Data segment -
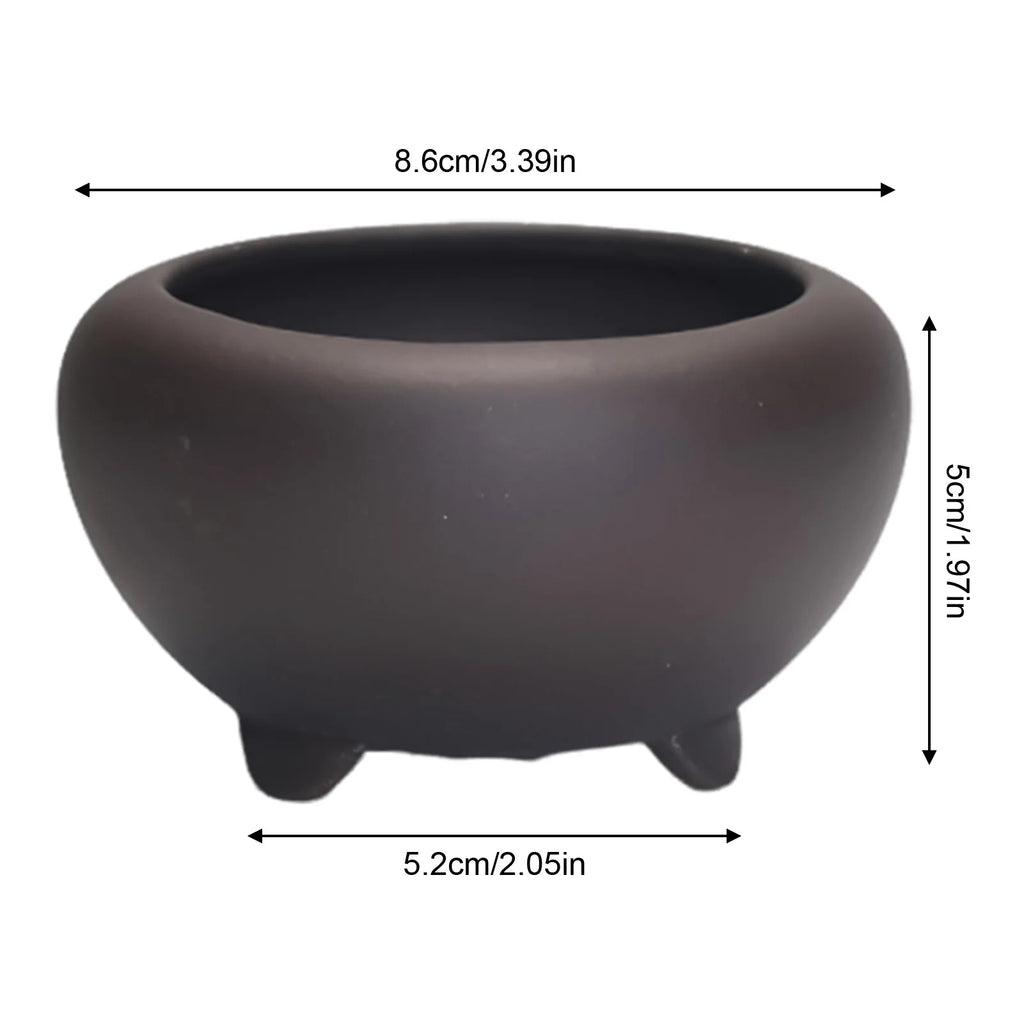 Ceramic Bonsai Planter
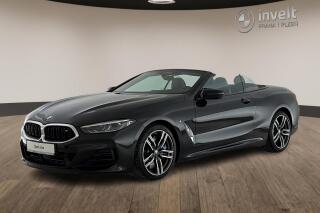 BMW M850i xDrive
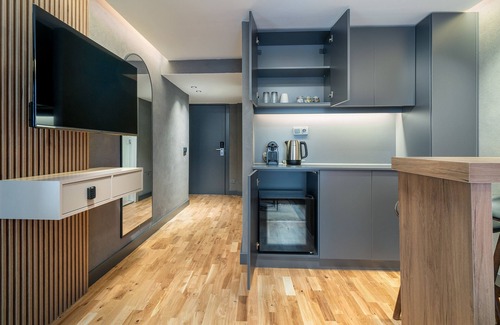 Cagaloglu Apartment | Urban Quarters - Gülhane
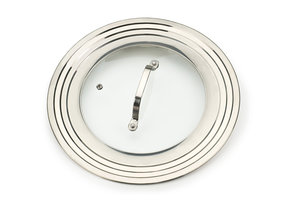 Universal Lid Glass Insert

The problem -
The whole listing should be transcribed exactly, though its pictures must be left out.

Answer space -
 Ceramic Bonsai Planter
 BMW M850i xDrive
 Cagaloglu Apartment | Urban Quarters - Gülhane
 Universal Lid Glass Insert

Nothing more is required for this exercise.